The system is intended to let unmanned platforms operate independently in A2/AD environments without requiring constant communications, which might not be possible in such scenarios.
Current Counter-A2/AD Options
Counter-A2/AD options the US and coalition partners currently have, such as long-range precision-guided weapons, are too few, expensive, and require detailed targeting information.
Other options, such as submarines, involve risking the platform.
Involves Disparate Unmanned Systems
AMASS is intended to create an efficient, cost-effective counter-A2/AD capability involving a range of unmanned aerial, ground, and maritime platforms.

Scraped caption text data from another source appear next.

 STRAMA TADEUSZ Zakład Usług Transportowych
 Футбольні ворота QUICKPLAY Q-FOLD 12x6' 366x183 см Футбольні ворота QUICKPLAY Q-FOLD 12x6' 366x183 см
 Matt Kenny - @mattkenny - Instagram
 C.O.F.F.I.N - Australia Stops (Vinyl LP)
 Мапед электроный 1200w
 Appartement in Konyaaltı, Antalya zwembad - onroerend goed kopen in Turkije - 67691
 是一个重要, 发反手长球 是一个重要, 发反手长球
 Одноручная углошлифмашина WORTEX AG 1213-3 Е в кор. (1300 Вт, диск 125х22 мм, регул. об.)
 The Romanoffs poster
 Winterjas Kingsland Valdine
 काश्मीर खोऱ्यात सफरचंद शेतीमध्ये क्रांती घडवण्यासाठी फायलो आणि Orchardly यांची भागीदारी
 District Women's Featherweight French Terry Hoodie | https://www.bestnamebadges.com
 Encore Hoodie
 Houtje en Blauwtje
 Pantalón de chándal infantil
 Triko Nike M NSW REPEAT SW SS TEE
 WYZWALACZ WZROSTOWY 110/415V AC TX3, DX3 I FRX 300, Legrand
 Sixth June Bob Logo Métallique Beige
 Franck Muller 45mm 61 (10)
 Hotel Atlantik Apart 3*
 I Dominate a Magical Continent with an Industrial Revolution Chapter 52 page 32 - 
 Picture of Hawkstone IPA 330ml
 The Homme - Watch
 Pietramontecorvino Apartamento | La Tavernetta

The system will assign swarms “through an optimization process that considers mission objectives, priorities, risks, resource availability, swarm capabilities, and timing,” DARPA explained.
“In addition, AMASS will consider the needs of potential future missions when selecting swarms and swarm compositions.”
Leveraging Current DARPA Programs
Present US and coalition projects on artificial intelligence and autonomy lack the scale and dynamic independence to be effective against peer A2/AD capabilities, including “sophisticated air defense, indirect fires, precision weapons, and Intelligence, Surveillance, and Reconnaissance,” the Pentagon agency said.
AMASS will be built leveraging previous DARPA initiatives, such as the System-of-Systems Enhanced Small Unit program.
DARPA is also working on the OFFensive Swarm-Enabled Tactics program to build a large swarm of aerial and ground-based drones controlled by a small group of operators.
The agency expects to award a potential $78 million AMASS contract.